Man könnte sagen: Das Gespräch zwischen Judith, der jüdischen Kunsttherapeutin, und Ayse-Gül, der Pädagogin mit muslimischem Glauben, nahm einen druckreifen Verlauf. Nachlesen können Interessierte den Wortwechsel als einen von vielen Beiträgen auf der Seite des Online-Magazins "Aviva". Genauer: In der Sammlung des Projekts "Woman + Work - Lokale Geschichten".
Was Frauen über die Arbeitswelt zu schildern haben und welche Rolle ihre Religiosität dabei spielt (und ob überhaupt) - es ist für jeden erfahrbar. Bei Aviva handelt es sich um ein Frauenmagazin im Internet, gegründet von der Autorin Sharon Adler und ursprünglich ausgerichtet auf jüdische Leserinnen. "Ich kannte bis zu diesem Projekt keine Muslima", gesteht Adler ein. Wie man beim Schmökern merkt, hat sich das gründlich geändert.
Und ihre Arbeit trug Früchte, bescherte Adler im Jahre 2012 sogar den Frauenpreis des Landes Berlin. Wer den Preis damals übergab, das war Sozialsenatorin Dilek Kolat (SPD). In ihrer Funktion muss sie immer wieder in Konflikten vermitteln, Bürger von Gesetzen überzeugen. Und Kolat erkannte nicht zuletzt dank dieser Erfahrungen und während ihrer Unterstützung für das Aviva-Projekts: "Das Frausein verbindet."
Ob es nun um Integrationsarbeit bei Frauen oder Männern geht - Bürgermeister Reinhard Naumann (SPD) will solche Erfolgsmodelle stärker gewürdigt sehen als missglückte Fälle. "Wir sollten mehr miteinander reden anstatt übereinander", schlussfolgert er aus dem Erfolg des journalistischen Werks.

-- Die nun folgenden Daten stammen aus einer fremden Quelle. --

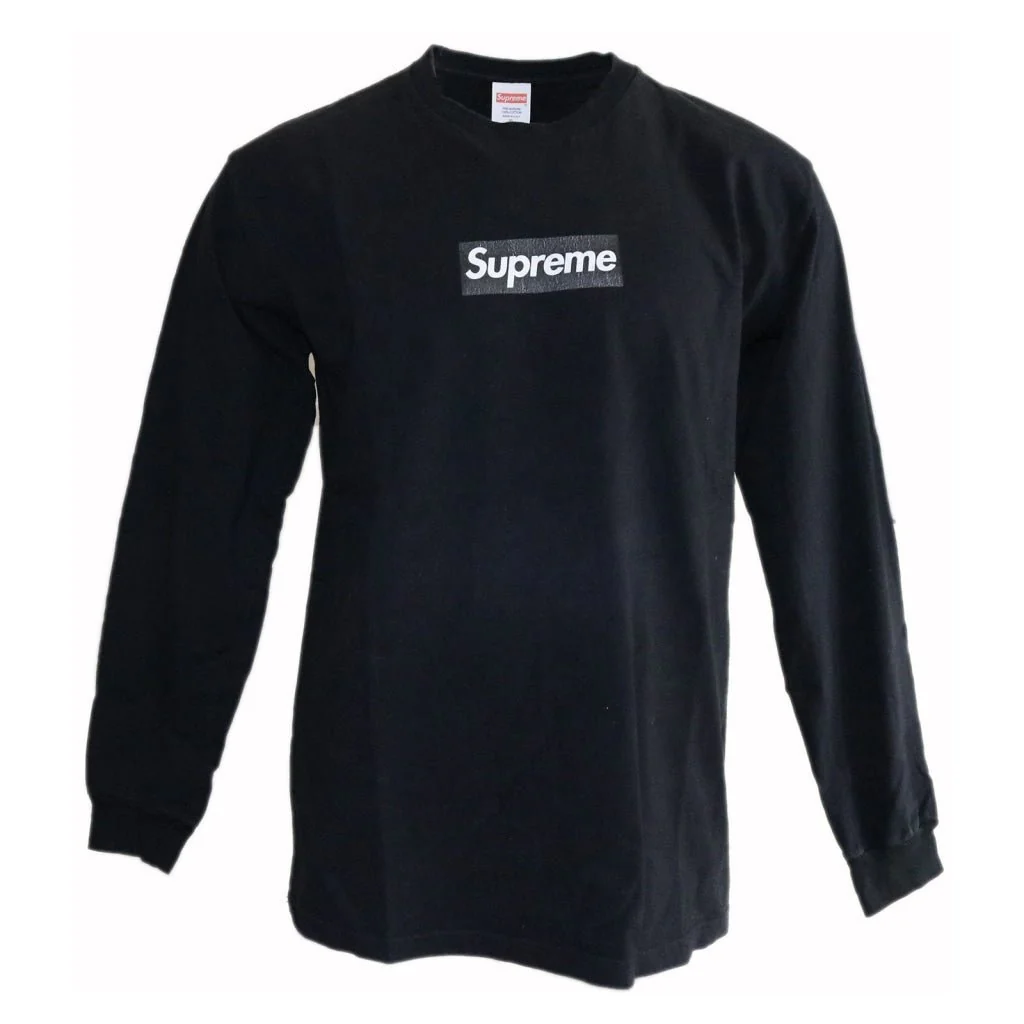 F&F Grey on Dark Blue Box Logo longsleeve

Die guten Geschichten sind es, die Leser an ein Blatt binden. Und das Erzählen an sich weist laut Carolina Böhm, der neuen Gleichstellungsbeauftragten, bis in die früheste Menschheitsgeschichte zurück. "Es gab Zeiten", sagt sie, "da erzählte man sich Geschichten, um Ängste zu vertreiben." Ayse-Gül Yilmaz und Judith Tarazi werden diese Bemerkung bestätigen können. Sie wissen jetzt: Das Schweigen schürt Angst und Vorurteile. Aber ein offener Plausch kann sie zerbröseln.